**Exercise directions**
Begin your copy at the line with "2025上海外国语大学贤达经济人文学院在广西招生计划预测" in the records below and end it at the line with "Himachal Pradesh Cloudburst", restating each line word for word; omit the pictures.

**Input for this task**
--- --- ---
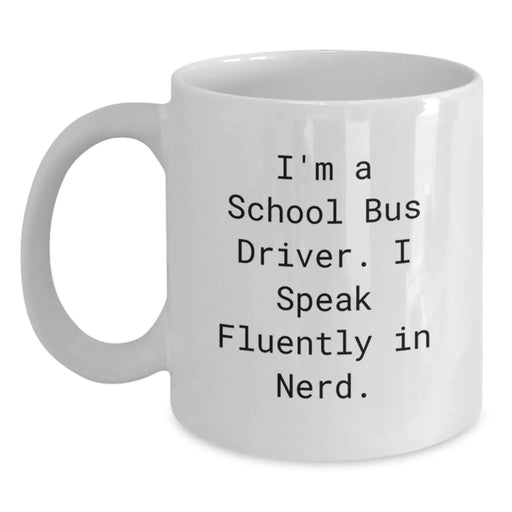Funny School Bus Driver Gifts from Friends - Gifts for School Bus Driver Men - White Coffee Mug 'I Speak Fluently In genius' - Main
--- --- ---
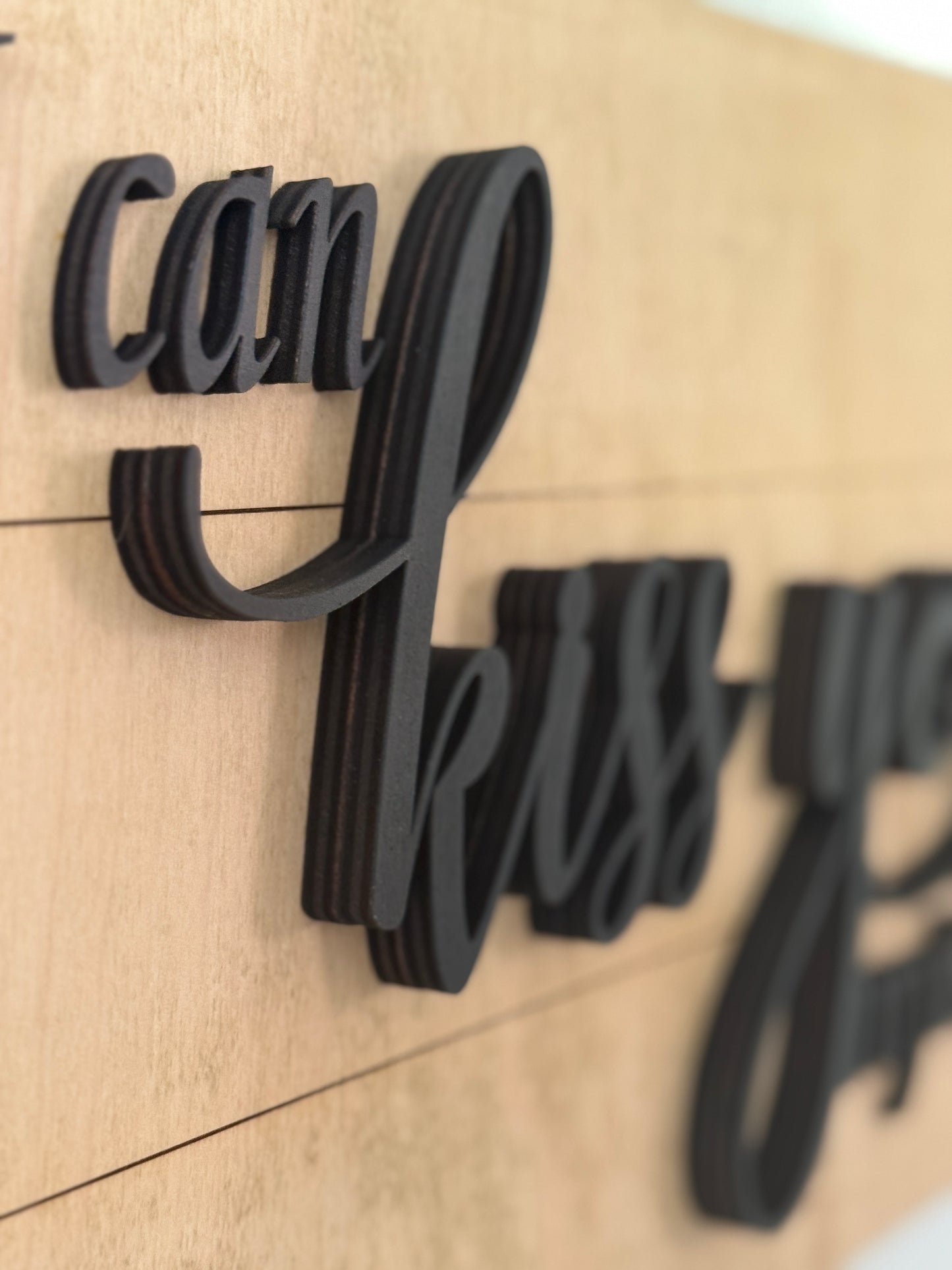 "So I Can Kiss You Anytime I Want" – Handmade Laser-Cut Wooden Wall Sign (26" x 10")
--- --- ---
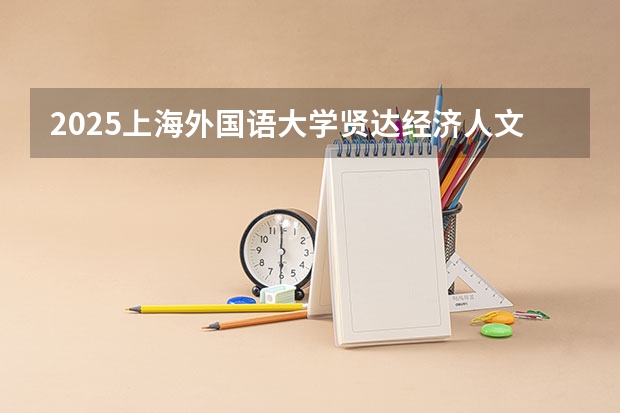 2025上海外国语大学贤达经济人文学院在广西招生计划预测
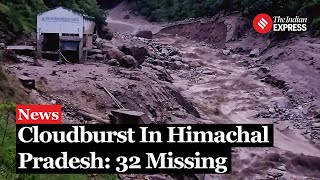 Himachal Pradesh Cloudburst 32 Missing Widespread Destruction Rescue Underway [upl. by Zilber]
--- --- ---
**Result of the exercise**
 2025上海外国语大学贤达经济人文学院在广西招生计划预测
 Himachal Pradesh Cloudburst 32 Missing Widespread Destruction Rescue Underway [upl. by Zilber]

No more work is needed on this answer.